# So who's going karting next month?



## Jetfire (Jun 20, 2002)

IIRC, the next NCC karting event is in the middle of April (the same weekend as the driver's school). Who's signed up for this one? I believe the format will be team racing.

Oh, and for those of you interested in just going for some informal karting, we could probably do that too at some point.


----------



## ·clyde· (Dec 26, 2001)

Jetfire said:


> *IIRC, the next NCC karting event is in the middle of April (the same weekend as the driver's school). Who's signed up for this one? I believe the format will be team racing.
> 
> Oh, and for those of you interested in just going for some informal karting, we could probably do that too at some point. *


I think that I'm going to skip this one.


----------



## Jetfire (Jun 20, 2002)

*Re: Re: So who's going karting next month?*



[email protected] said:


> *I think that I'm going to skip this one. *


Cool. I'm signed up, but we'll see.

Incidentally, I did two "arrive and drives" yesterday afternoon. For $25 ($20 for members) you get a warmup lap with a running start and 10 solid minutes of racing. My second kart had a loose throttle cable but it didn't really matter. I was running with a bunch of Salazarians; I think that did make a difference.
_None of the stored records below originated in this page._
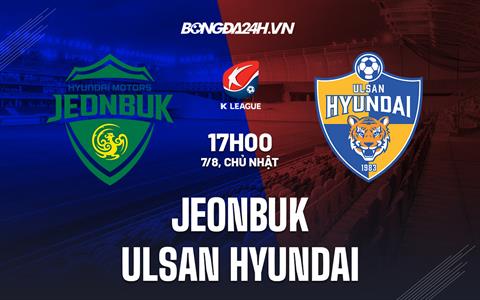 Nhận định Jeonbuk vs Ulsan Hyundai 17h00 ngày 7/8 (VĐQG Hàn Quốc 2022)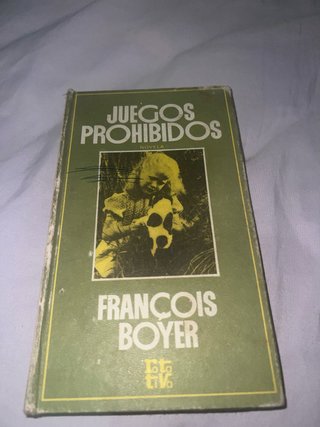 Juegos Prohibidos - François Boyer Novela
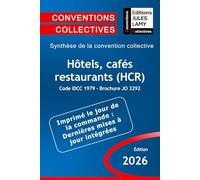 Convention collective Hôtels, cafés restaurants (HCR) 2024 - IDCC 1979 - Brochure n°3292 + grille des salaires: Synthèse de la convention collective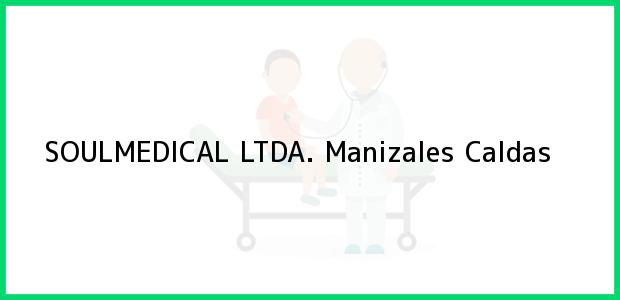 Teléfono, Dirección y otros datos de contacto para SOULMEDICAL LTDA., Manizales, Caldas, Colombia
Anyway, my point is that for $50 I got 20 minutes of seat time and a printout at the end of each session to analyze my driving. That's roughly equal to the seat time we got in team racing last time (~20-25 minutes for $60) and definitely more of a value than the regular sprint-heat format.


----------



## bren (Jul 1, 2002)

*Re: Re: So who's going karting next month?*



[email protected] said:


> *I think that I'm going to skip this one. *


I am skipping this one too....I would like to try out the team format, but maybe next time.

I am signing up for the Auto-X school which, right now, is scheduled for that Saturday (they said it may be postponed until the 19th though b/c of the conflict with the driver's school.) Anyway, one trip to VA is enough for me in a weekend.


----------



## ·clyde· (Dec 26, 2001)

*Re: Re: Re: So who's going karting next month?*



bren said:


> *I am skipping this one too....I would like to try out the team format, but maybe next time.
> 
> I am signing up for the Auto-X school which, right now, is scheduled for that Saturday (they said it may be postponed until the 19th though b/c of the conflict with the driver's school.) Anyway, one trip to VA is enough for me in a weekend. *


This prompted me to look at the NCC site for the first time in a few weeks. Did anyone else notice that autox events at Rosecroft will be $25 this year? (What remains to be seen is how many will actually happen.)


----------